Emit a verbatim copy of the lines below from the line with "Un grupo diverso" through the line with "Cowboys Club Embroidered", excluding pictures and everything outside that range.

◆ **Collected material**:
━━━━━━━━━━━━━━━━
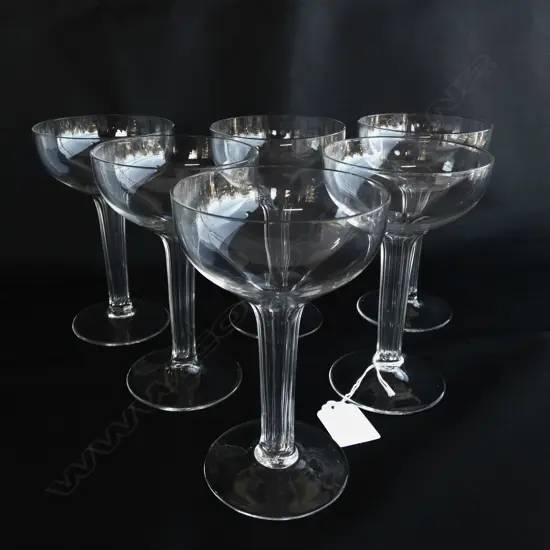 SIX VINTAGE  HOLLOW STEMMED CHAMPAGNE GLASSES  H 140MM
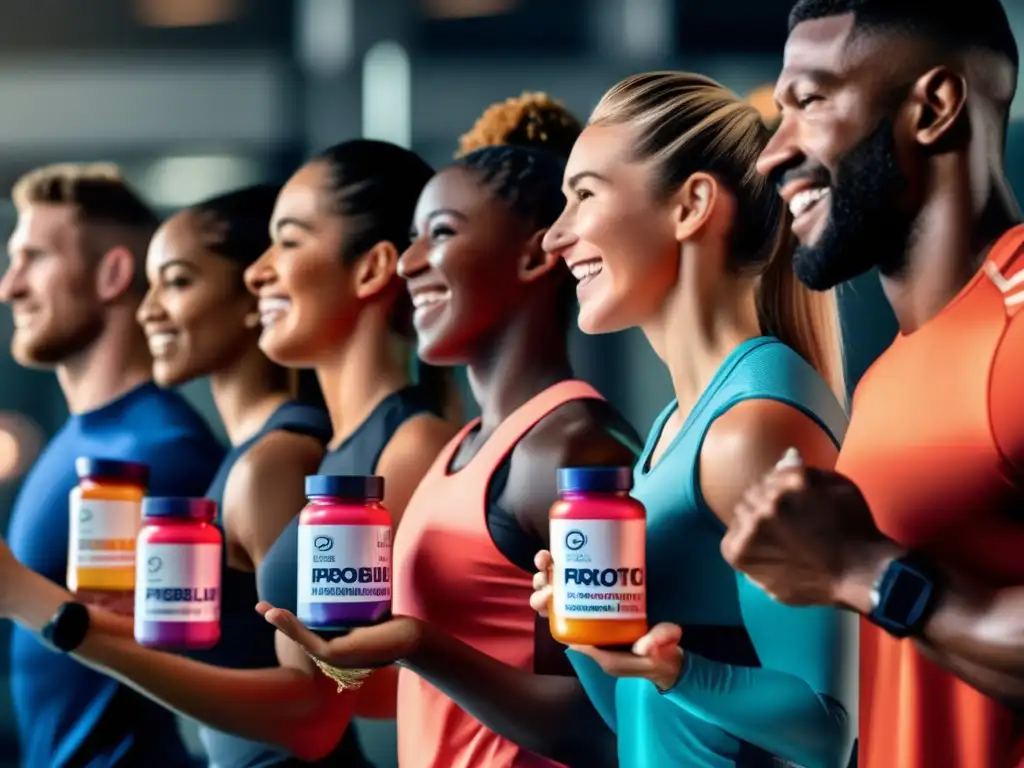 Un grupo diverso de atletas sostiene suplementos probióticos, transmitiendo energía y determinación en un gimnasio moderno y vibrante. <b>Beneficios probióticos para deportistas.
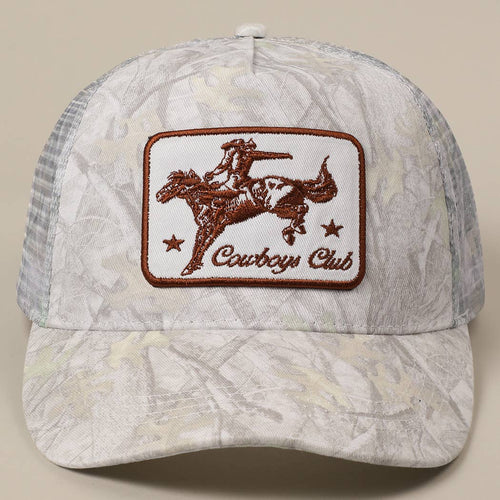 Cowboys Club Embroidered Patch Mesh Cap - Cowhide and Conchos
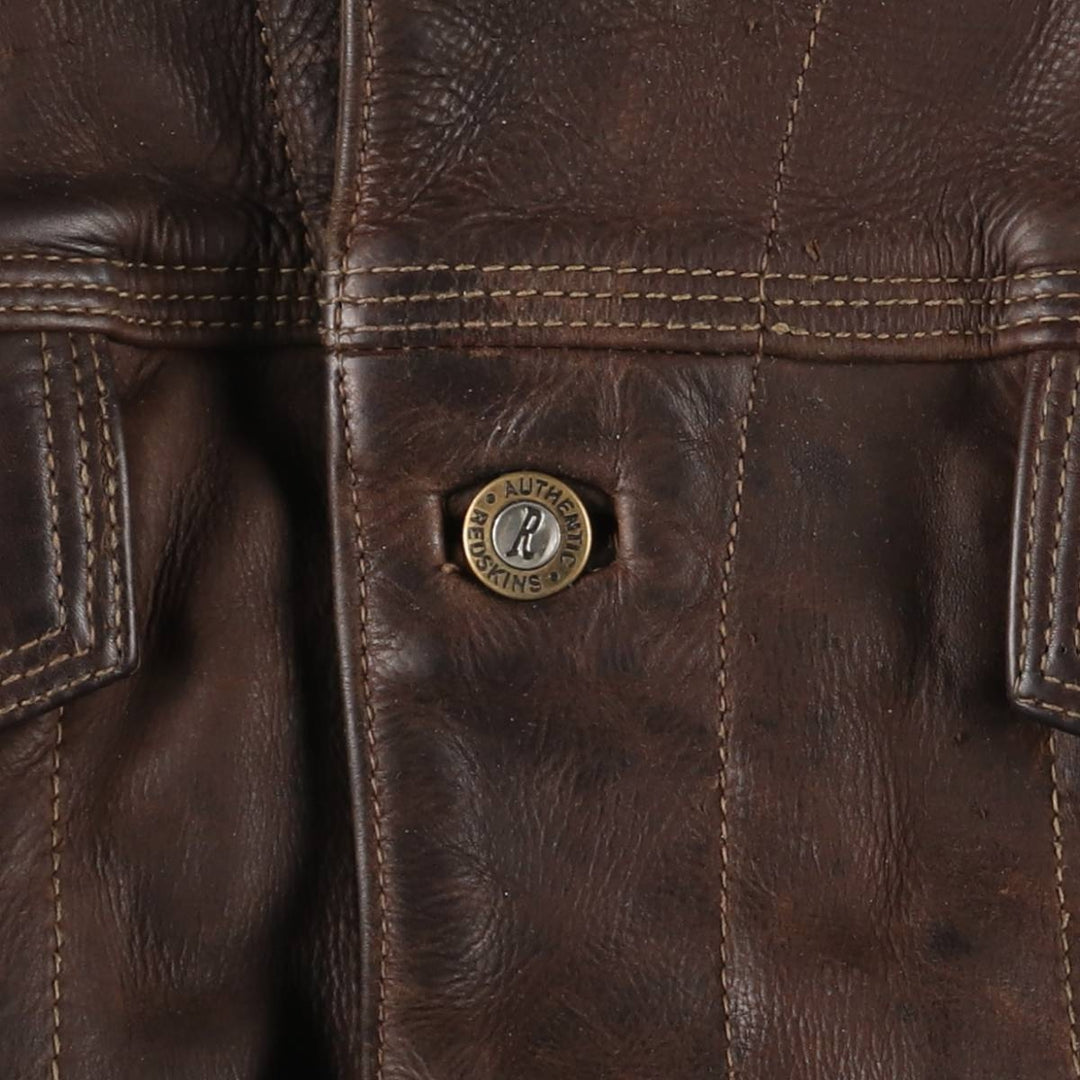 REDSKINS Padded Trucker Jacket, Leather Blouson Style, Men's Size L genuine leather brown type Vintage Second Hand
━━━━━━━━━━━━━━━━
◆ **Solved exercise**:
 Un grupo diverso de atletas sostiene suplementos probióticos, transmitiendo energía y determinación en un gimnasio moderno y vibrante. <b>Beneficios probióticos para deportistas.
 Cowboys Club Embroidered Patch Mesh Cap - Cowhide and Conchos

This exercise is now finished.